One of the 18 girls is now away at college, but her presence lingers in the play's multimedia and visual components. The remaining participants all perform in the show and contributed to the writing and multimedia presentation.
Each girl is not necessarily performing the piece that she wrote. To ensure the integrity of the emotional safety the girls cultivated during their yearlong journey, the author of each piece is anonymous.
"Some girls did write pieces and said, 'I can't deliver this but I would like for it to be included,'" Clark says.
"A lot of these pieces hit too close to home," Mowbray says. "Sometimes you have to distance yourself from a piece before you can perform it."
The inaugural year of The Girl Project will wrap up when the play closes, but leaders plan to continue the program with a new group of girls in 2014.
"We hope to create a template that can be shared with other communities so that people can take the same action," Clark says. She also says that keeping the project theater-based is important.

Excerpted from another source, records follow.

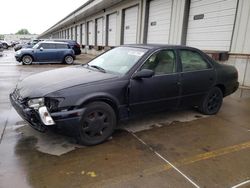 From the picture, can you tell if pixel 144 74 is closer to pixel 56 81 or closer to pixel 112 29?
pixel 56 81

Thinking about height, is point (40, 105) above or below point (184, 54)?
below

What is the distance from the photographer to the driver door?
385 centimetres

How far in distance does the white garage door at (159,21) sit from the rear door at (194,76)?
21.4ft

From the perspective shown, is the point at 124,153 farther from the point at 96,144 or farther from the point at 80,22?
the point at 80,22

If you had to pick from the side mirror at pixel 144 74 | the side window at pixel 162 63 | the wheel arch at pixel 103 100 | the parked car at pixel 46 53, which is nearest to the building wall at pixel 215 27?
the side window at pixel 162 63

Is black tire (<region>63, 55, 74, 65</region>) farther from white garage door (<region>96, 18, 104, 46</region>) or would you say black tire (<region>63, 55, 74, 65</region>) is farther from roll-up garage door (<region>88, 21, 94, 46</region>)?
roll-up garage door (<region>88, 21, 94, 46</region>)

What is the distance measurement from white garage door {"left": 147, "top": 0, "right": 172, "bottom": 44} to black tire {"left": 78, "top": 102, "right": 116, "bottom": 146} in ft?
27.2

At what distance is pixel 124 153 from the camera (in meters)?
3.33

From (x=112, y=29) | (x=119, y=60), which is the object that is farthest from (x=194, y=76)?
(x=112, y=29)

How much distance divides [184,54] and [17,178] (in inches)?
139

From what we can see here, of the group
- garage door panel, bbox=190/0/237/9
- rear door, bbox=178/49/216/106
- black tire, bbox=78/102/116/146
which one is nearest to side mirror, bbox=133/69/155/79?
black tire, bbox=78/102/116/146

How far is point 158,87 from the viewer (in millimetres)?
4070

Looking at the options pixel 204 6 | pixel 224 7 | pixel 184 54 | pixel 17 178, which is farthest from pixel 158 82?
pixel 204 6

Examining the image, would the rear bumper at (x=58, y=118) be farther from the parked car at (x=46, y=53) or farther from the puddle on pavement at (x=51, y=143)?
the parked car at (x=46, y=53) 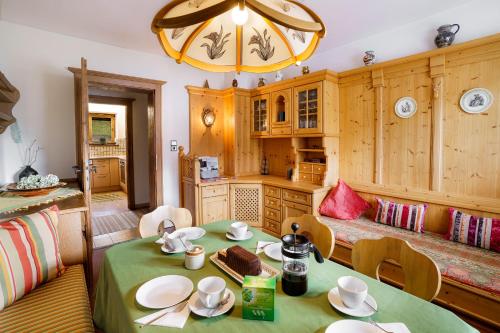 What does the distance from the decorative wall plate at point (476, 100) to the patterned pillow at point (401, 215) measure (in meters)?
0.93

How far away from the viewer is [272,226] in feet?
10.9

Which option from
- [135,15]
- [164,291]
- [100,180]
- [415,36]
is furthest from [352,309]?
[100,180]

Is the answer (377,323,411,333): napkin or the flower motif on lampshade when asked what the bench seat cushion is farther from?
the flower motif on lampshade

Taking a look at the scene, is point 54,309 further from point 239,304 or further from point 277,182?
point 277,182

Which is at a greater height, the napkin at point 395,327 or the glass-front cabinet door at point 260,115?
the glass-front cabinet door at point 260,115

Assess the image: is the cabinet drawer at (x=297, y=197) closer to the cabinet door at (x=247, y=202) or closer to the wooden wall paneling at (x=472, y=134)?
the cabinet door at (x=247, y=202)

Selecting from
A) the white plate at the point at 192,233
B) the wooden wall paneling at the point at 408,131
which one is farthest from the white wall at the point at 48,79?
the wooden wall paneling at the point at 408,131

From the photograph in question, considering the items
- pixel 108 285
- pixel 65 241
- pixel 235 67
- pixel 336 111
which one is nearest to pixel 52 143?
pixel 65 241

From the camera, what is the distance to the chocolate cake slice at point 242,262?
1.13m

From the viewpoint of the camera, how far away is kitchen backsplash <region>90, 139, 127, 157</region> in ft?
23.9

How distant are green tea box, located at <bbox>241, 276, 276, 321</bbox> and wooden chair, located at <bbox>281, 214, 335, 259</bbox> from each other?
2.49ft

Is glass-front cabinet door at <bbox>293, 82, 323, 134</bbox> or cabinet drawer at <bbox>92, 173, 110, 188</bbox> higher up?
glass-front cabinet door at <bbox>293, 82, 323, 134</bbox>

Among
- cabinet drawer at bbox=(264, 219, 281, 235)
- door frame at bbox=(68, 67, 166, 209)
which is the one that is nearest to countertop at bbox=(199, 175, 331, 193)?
cabinet drawer at bbox=(264, 219, 281, 235)

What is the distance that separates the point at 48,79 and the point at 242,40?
8.67ft
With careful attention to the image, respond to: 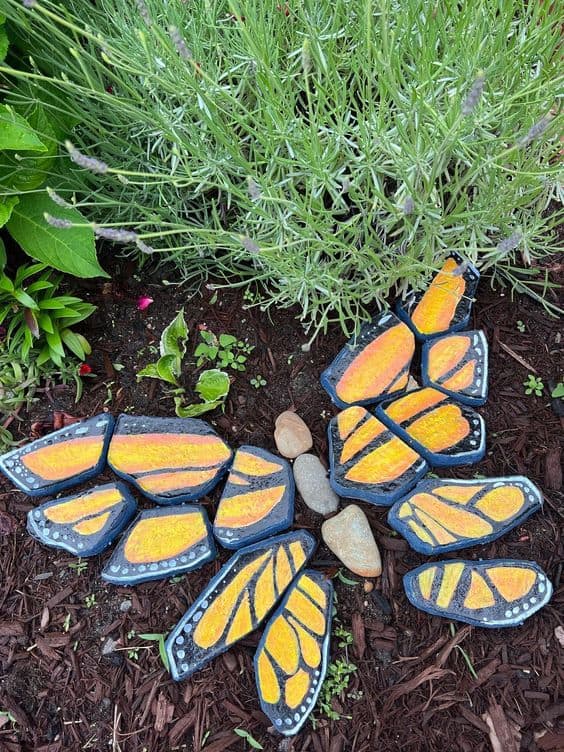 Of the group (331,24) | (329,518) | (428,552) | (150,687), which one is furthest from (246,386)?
(331,24)

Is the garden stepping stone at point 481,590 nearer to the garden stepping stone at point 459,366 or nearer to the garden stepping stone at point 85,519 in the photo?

"You can do things in the theater that you cannot do in school," she says.
"I had this idealistic view that we were going to change the world," Mowbray says of her experience.
"Obviously you can't do that in one year, but I think we have made an impact," she says. "We've all learned more about what we can do to spread that and then make the difference that I'm hoping for."
IF YOU GO
'The Girl Project'
What: Theater and multimedia piece that is the culmination of Kentucky Conservatory Theatre's yearlong project exploring teenage girls' self-esteem and their place in society.
When: 7 p.m. Aug. 29-Sept. 1
Where: Downtown Arts Center, 141 E. Main St.
Tickets: $15 adults, $10 seniors, students and children. Available at (859) 225-0370 or Lexarts.tix.com.
Learn more: Thegirlprojectusa.org, Mykct.org, On.fb.me/16M4cc9
Also: Screening of the documentary Miss Representation, about the mainstream media's portrayal of women. 2 p.m. Aug. 31. UK Memorial Hall, 610 S. Limestone. Free.